And unlike, for example, the Eiffel Tower, its appearance will not change dramatically depending on the lighting. Shooting the moon usually only happens at night, and Samsung’s processing breaks down if the moon is partially obscured by clouds.
One of the clearest ways Samsung’s processing plays with the moon is by manipulating the contrast of the midtones, making its topography more pronounced. However, it is clearly also capable of introducing the appearance of texture and detail not present in the raw photo.
Samsung does this because the 100x zoom images of the Galaxy S21, S22, and S23 Ultra phones suck. Of course they do. They involve a massive crop in a small 10MP sensor. Periscope zooms in phones are great, but they’re not magic.
credible theories
Huawei is the other major company accused of faking its photos of the moon, along with the otherwise brilliant Huawei P30 Pro from 2019. It was Huawei’s last flagship released before the company was blacklisted in the United States, thereby destroying the appeal of its phones in the West.

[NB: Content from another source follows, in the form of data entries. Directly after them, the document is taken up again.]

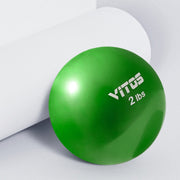 Vitos® Toning Ball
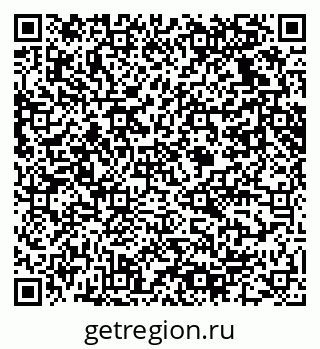 79061630658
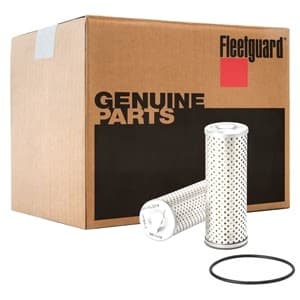 HF6022 - Cartridge (QTY 4) Hydraulic Filter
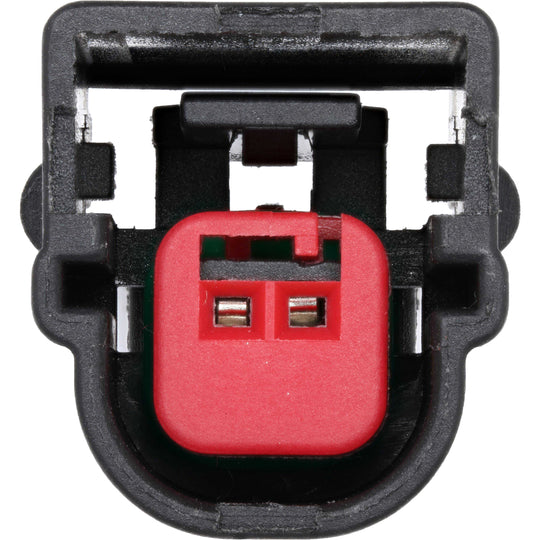 2BWS0055 Disc Brake Pad Wear Sensor Perfect Stop Sensor Canada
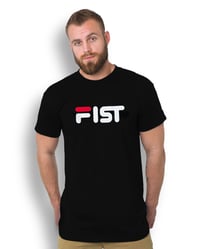Image 2 of FIST icon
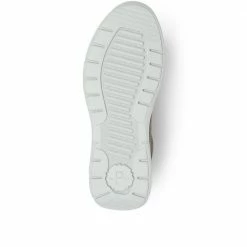 Pavers Sneakers Casual Slip-On Sneaker / 317 391 14 Pavers Sneakers Casual Slip-On Sneaker / 317 391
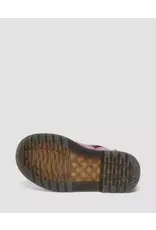 1460 T MUTED PURPLE ROMARIO Y815TMP-R31285765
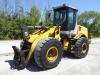 New Holland W130 Foto 2 thumbnail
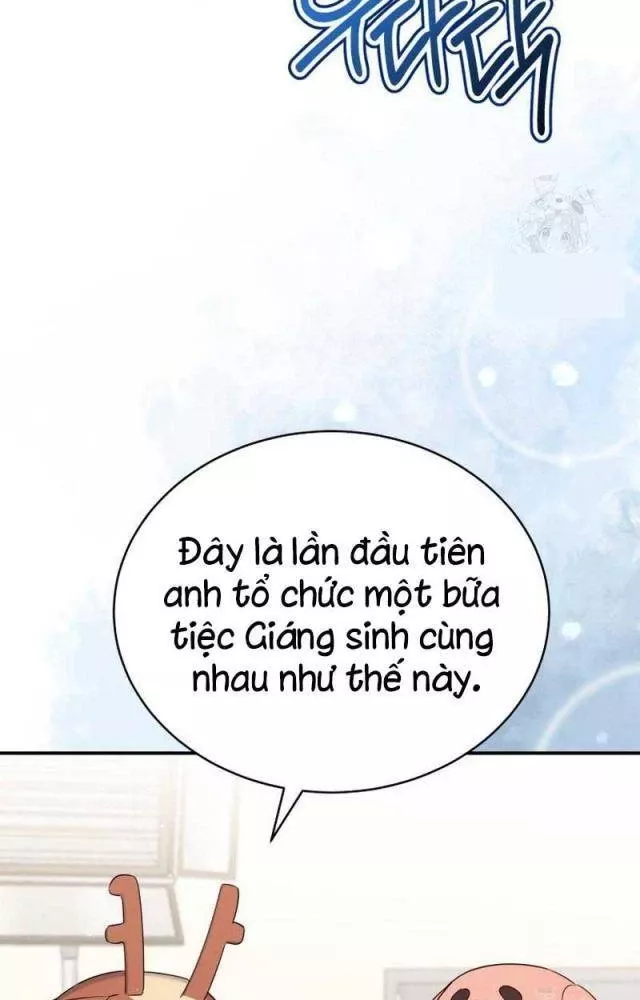 Hướng Dẫn Hồi Quy Dành Cho Thần Tượng: Chapter 42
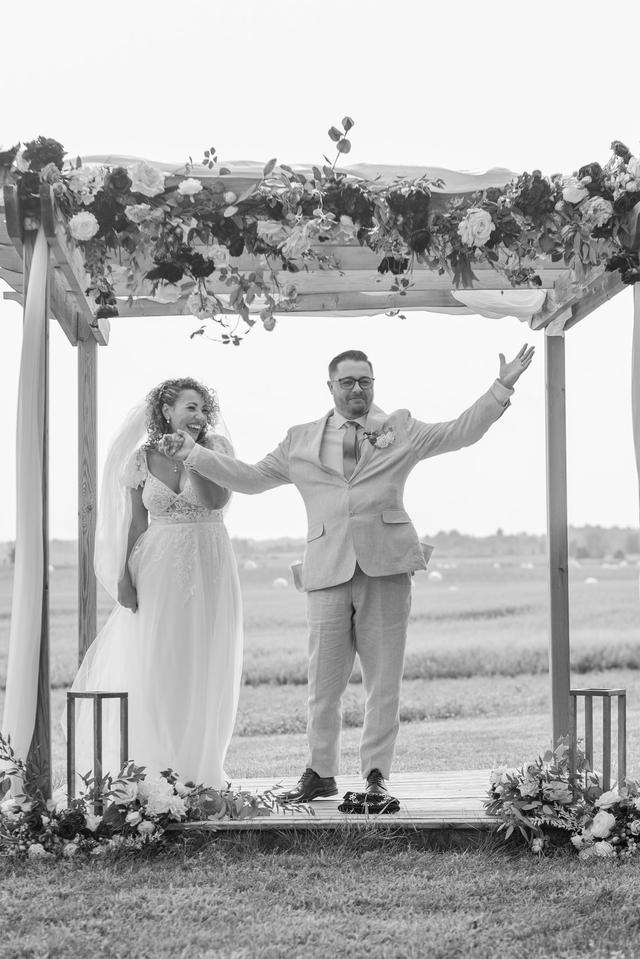 Rebecca Elizabeth Louise Photography - 2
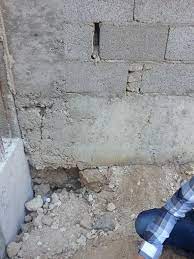 اذهب إلى التنقل اذهب إلى البحث. Ù…Ù‡Ù†Ø¯Ø³ Ø¹Ø¨Ø¯Ø§Ù„ØºÙ†ÙŠ Ø§Ù„Ø¬Ù†Ø¯ Ar Twitter Ù…ÙŠØ¯Ø© Ø³ÙˆØ± Ø¨Ø¹Ø±Ø¶ 20Ø³Ù… ÙˆØ¶Ø¹Øª ÙÙˆÙ‚ Ø§Ù„ØªØ±Ø§Ø¨ Ù…Ø¨Ø§Ø´Ø±Ø© Ø²Ø±Ø¹ ÙÙŠÙ‡Ø§ Ø£Ø¹Ù…Ø¯Ø© ÙˆØ¨Ù†ÙŠ Ø§Ù„Ø¬Ø¯Ø§Ø± Ø«Ù… ØµØ¨ Ø§Ù„ÙƒÙˆØ±Ù†ÙŠØ´ Ø¨Ø¨Ø³Ø§Ø·Ø© Ø¬Ø¯Ø§ Ø§Ù„Ø³ÙˆØ± Ø¹Ø±Ø¶Ù‡ Ù„Ù„Ø§Ù†Ù‚Ù„Ø§Ø¨ Http T Co Hdqu8my2vu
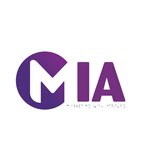 MIA POWER S.R.L.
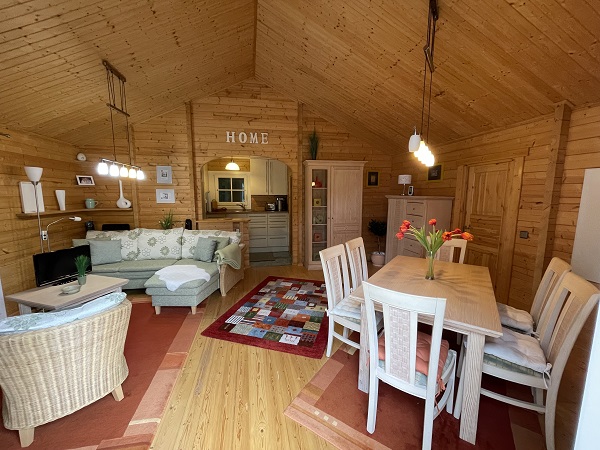 Alsleben, Salzlandkreis, Sachsen-Anhalt, Deutschland, ,Grundstück,Kaufen,1166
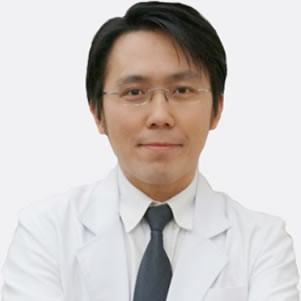 鐘鴻文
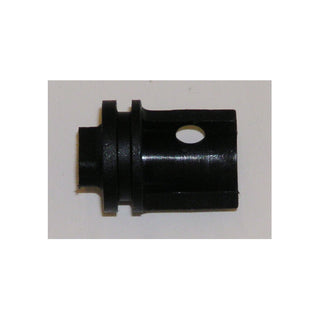 3M Speed Control Valve Flush Mount A0380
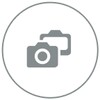 Samsung Dual Camera icon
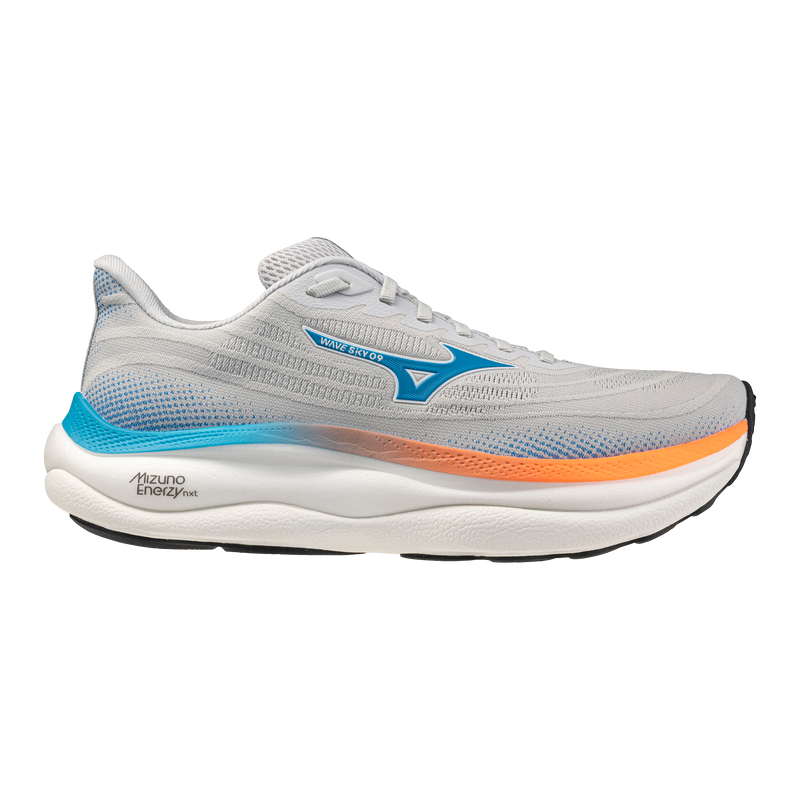 Men's Wave Sky 9 (7NBJ - Cloudscape/Blue Jewel)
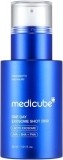 Medicube One Day Exosome Shot 2000, 30 ml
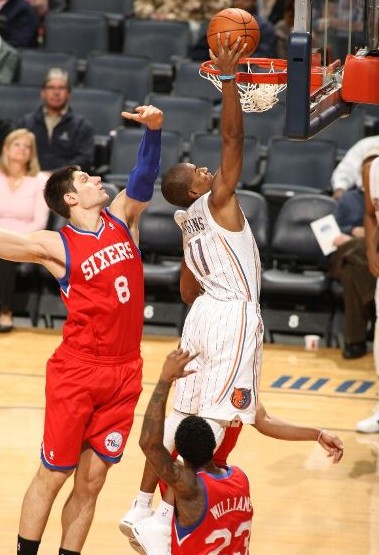 在灰黑产业 在灰黑产业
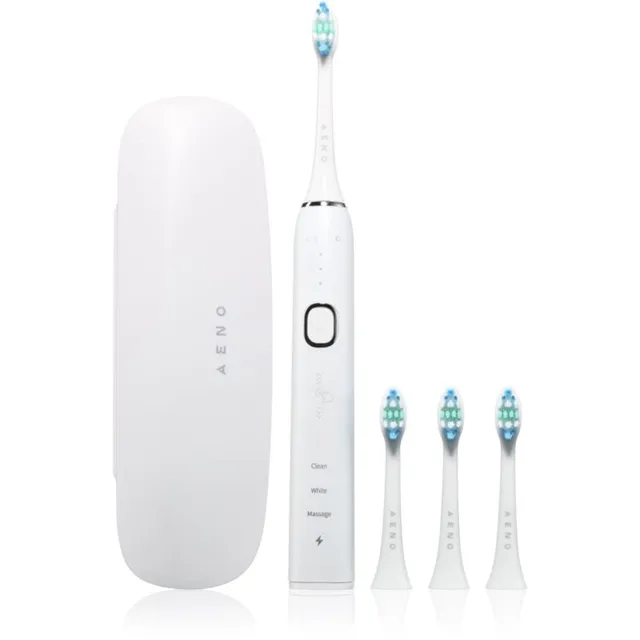 Aeno DB3 Elektrihambahari 9 módů 1 tk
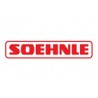 SOEHNLE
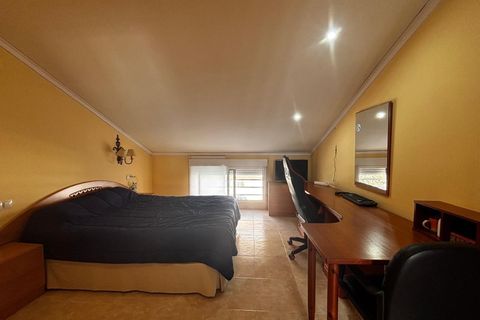 Lejlighed i Almazora, Castellon, Almazora - € 215.000 | Ref: d8a0c33e-ebdc-4a23-8 - foto 12
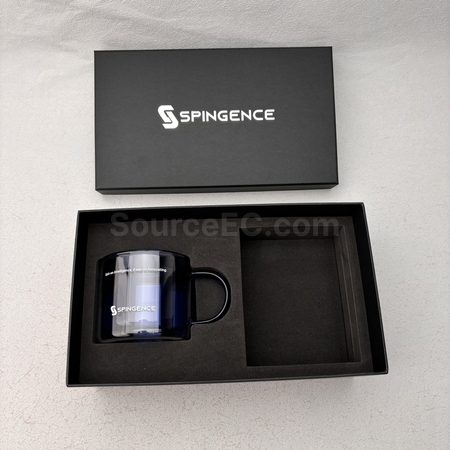 玻璃水杯, 玻璃水瓶, 玻璃水壶,  玻璃茶杯, 玻璃酒杯, 香槟杯, 高脚杯, 鸡尾酒杯, 高硼硅玻璃杯, 咖啡杯, 牛奶杯, 泡茶杯, 玻璃壶, 礼品, 广告赠品, 纪念品, 礼品公司, 定制礼品, 商务礼品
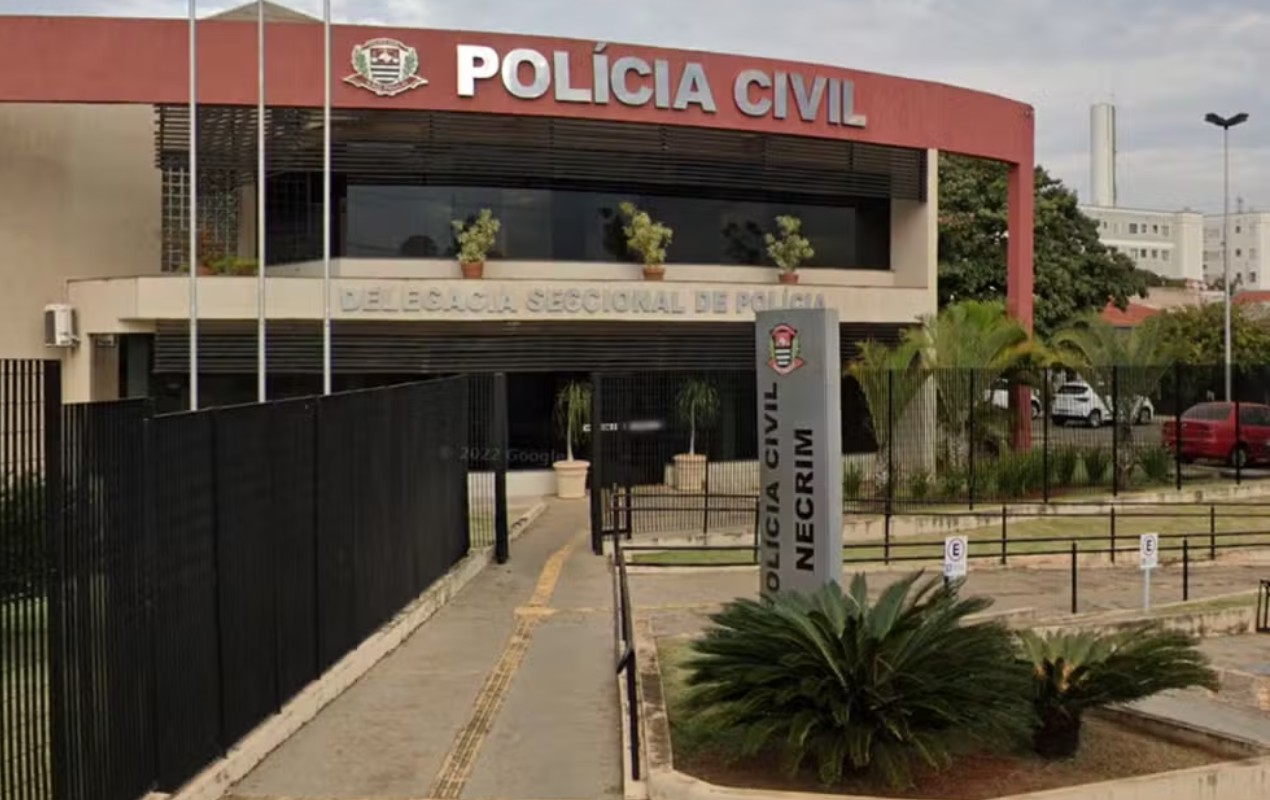 foto Not&iacute;cia Bauru
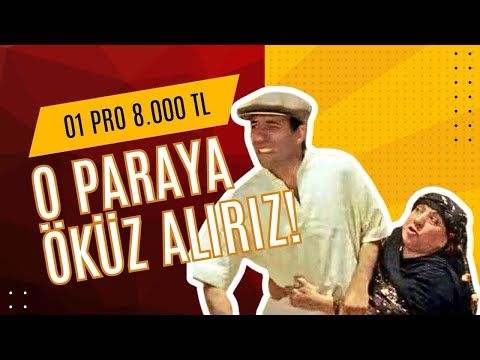 ChatGPT O1 Pro Yayınlandı - Yapay Zekada Bu Hafta 2.Sezon 9. Bölüm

Android Authority claimed the phone pasted a stock image of the moon into your photos. Here’s how the company responded: “Moon Mode works on the same principle as other AI Master Modes, in that it recognizes and optimizes details in an image to help individuals take better Pictures. It does not in any way replace the image, which would require unrealistic storage space since the AI mode recognizes more than 1,300 scenarios. Based on machine learning principles, the camera recognizes a scenario and helps optimize focus and exposure to improve details such as shapes, colors and highlights/lowlights.
Familiar, right?
You won’t see these techniques used in too many other brands, but not for any noble reason. If a phone doesn’t have a long-range zoom of at least 5x, a Moon mode is largely useless.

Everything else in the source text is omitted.